On Monday, March 12th, the twice-postponed hearing before the City’s Public Design Commission to decide the fate of the Coney Island Boardwalk will finally take place. The Parks Department will lay out their plans for a Plasticwalk with a 12-foot-Concrete Roadway down the middle in Brighton Beach, claiming it will be more durable and less costly to maintain than the wooden Boardwalk in place for nearly nine decades.
The Coney-Brighton Boardwalk Alliance and Friends of the Boardwalk will present their plan to “Keep the Boards in the Boardwalk” (also the title of an online petition) by using sustainable wood and concrete supports, citing Ocean City, Maryland’s successful renovation of their Boardwalk in 2011. “The public is welcome to attend and give testimony,” according to the PDC’s website. The grassroots groups are urging Boardwalk lovers to show up in number and use their 3-minute time slot to read from their letters of support and research materials. If you are interested, email Rob Burstein of the Coney-Brighton Boardwalk Alliance at robburstein[AT]hotmail[DOT]com and he can email you a 3-minute segment to read.

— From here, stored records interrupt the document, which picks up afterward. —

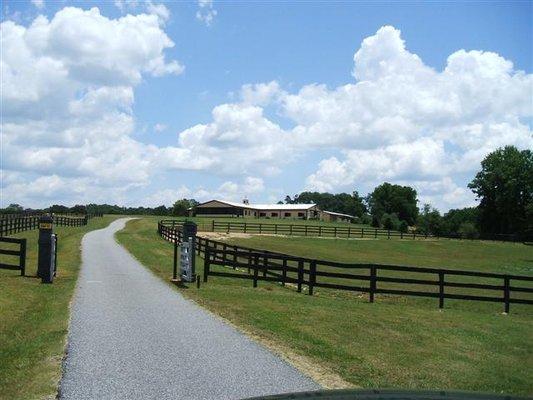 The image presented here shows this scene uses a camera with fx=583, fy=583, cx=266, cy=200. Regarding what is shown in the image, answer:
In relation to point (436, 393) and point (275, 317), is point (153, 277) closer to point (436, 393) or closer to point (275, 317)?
point (275, 317)

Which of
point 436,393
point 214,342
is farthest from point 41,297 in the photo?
point 436,393

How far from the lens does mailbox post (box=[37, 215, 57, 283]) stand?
55.8ft

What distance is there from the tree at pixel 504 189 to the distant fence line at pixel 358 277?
252 ft

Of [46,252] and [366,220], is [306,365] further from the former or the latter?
[366,220]

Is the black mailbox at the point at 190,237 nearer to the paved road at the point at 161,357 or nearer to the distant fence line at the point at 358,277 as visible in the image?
the distant fence line at the point at 358,277

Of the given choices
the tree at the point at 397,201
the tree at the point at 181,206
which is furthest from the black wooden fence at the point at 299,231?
the tree at the point at 397,201

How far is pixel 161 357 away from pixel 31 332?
306 cm

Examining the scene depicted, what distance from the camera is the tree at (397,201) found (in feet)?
518

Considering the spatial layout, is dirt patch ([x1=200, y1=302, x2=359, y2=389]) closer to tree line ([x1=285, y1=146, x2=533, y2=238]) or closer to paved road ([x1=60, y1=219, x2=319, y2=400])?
paved road ([x1=60, y1=219, x2=319, y2=400])

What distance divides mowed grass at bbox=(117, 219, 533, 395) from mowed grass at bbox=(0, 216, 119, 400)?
332 centimetres

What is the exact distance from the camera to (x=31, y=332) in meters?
9.79

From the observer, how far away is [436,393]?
371cm

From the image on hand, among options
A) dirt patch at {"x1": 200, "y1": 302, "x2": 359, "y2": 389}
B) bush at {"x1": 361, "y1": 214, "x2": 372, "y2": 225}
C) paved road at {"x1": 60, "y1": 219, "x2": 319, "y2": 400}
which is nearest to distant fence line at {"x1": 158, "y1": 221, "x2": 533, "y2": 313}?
paved road at {"x1": 60, "y1": 219, "x2": 319, "y2": 400}

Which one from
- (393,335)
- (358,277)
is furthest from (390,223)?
(393,335) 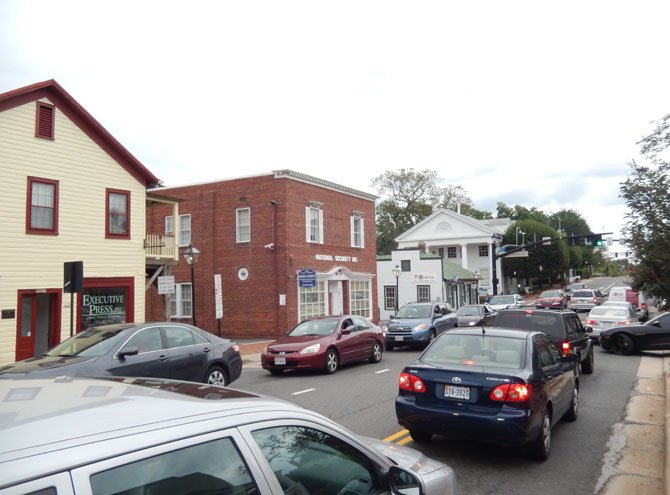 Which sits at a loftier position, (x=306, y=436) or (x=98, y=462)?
(x=98, y=462)

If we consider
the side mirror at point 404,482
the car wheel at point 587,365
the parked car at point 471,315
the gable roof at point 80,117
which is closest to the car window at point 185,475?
the side mirror at point 404,482

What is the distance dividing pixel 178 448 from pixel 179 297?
28.2m

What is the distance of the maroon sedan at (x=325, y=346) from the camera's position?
13.4m

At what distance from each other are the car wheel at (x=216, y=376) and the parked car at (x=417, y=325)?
32.0ft

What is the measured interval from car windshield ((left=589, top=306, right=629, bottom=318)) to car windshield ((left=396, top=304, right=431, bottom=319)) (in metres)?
6.42

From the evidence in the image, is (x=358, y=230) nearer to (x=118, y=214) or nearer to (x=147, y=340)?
(x=118, y=214)

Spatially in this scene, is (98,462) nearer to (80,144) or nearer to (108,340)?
(108,340)

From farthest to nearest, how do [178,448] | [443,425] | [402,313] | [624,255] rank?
[402,313]
[624,255]
[443,425]
[178,448]

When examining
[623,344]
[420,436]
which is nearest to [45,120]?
[420,436]

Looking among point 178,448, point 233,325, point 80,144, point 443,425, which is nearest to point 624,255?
point 443,425

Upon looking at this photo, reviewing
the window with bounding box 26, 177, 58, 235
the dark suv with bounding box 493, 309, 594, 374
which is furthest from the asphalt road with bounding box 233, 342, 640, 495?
the window with bounding box 26, 177, 58, 235

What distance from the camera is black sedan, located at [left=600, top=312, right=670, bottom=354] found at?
54.9 ft

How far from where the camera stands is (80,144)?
58.5 ft

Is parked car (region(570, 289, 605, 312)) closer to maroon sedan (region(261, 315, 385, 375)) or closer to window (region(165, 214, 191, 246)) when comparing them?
window (region(165, 214, 191, 246)) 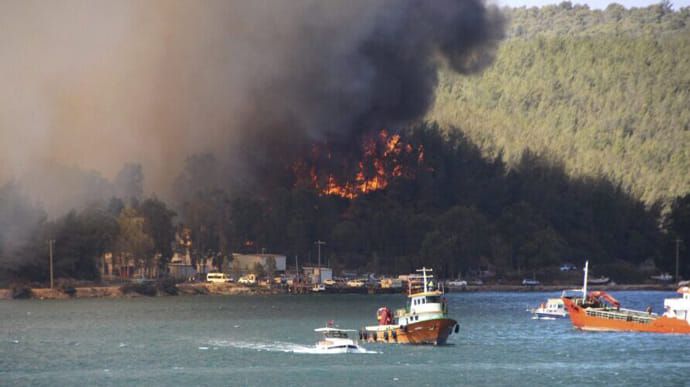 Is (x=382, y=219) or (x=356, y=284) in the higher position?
(x=382, y=219)

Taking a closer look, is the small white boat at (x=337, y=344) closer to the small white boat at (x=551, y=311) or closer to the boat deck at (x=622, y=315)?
the boat deck at (x=622, y=315)

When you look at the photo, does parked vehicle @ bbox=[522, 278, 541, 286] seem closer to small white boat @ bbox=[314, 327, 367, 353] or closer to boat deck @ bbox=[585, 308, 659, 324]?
boat deck @ bbox=[585, 308, 659, 324]

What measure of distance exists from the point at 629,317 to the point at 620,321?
0.86 meters

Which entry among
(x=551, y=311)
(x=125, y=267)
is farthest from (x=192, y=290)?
(x=551, y=311)

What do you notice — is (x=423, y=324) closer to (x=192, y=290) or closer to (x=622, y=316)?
(x=622, y=316)

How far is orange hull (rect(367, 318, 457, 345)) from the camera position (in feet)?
217

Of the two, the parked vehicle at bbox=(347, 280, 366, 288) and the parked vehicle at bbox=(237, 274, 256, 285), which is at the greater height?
the parked vehicle at bbox=(237, 274, 256, 285)

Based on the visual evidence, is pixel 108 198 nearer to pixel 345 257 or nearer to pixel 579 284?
pixel 345 257

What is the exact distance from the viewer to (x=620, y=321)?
3093 inches

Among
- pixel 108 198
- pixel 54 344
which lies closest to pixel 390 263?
pixel 108 198

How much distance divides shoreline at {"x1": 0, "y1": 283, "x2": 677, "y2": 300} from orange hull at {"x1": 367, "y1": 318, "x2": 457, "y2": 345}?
48.9 m

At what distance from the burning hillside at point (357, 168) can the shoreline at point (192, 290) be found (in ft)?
59.4

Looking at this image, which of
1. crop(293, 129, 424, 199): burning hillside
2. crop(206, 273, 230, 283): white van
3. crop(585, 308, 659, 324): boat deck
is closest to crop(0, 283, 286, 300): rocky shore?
crop(206, 273, 230, 283): white van

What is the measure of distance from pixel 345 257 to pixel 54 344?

Last year, the local community board, CB 13, voted 21-7 against the Concretewalk as well as the Plastic and Concrete compromise. At last month’s CB meeting at Coney Island Hospital, boos erupted when the compromise plan was mentioned. Alas, their vote is being ignored because New York City’s Community Boards are merely advisory boards. It is the Public Design Commission’s vote that counts. So who are the ten people who will decide the fate of the historic Coney Island Boardwalk? Here are their names:
Alice Aycock, Sculptor
Mahnaz Ispahani Bartos, The New York Public Library
Byron Kim, Painter
Signe Nielsen, Landscape Architect
Guy Nordenson, Lay Member
Otis Pratt Pearsall, Brooklyn Museum
James Stewart Polshek, Architect
Paula Scher, Lay Member
Kandace V. Simmons, Mayor’s Representative
Ann G. Tenenbaum, The Metropolitan Museum of Art
According to their bios on the PDC’s site, the Commissioners are a distinguished group of architects, artists and representatives of the City’s cultural institutions. Yes, they are appointed by the Mayor, but they serve pro bono. At the last hearing in October, the Public Design Commission refused to approve the Parks Department’s plan and said that more environmental and engineering studies were needed to address the questions that they had.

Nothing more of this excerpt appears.